____ RECORDED DATA

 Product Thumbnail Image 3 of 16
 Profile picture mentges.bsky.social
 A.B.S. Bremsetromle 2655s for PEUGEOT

________

TASK OBJECTIVE - Take the material above and transcribe all of it exactly.

EXERCISE RESULT -
 Product Thumbnail Image 3 of 16
 Profile picture mentges.bsky.social
 A.B.S. Bremsetromle 2655s for PEUGEOT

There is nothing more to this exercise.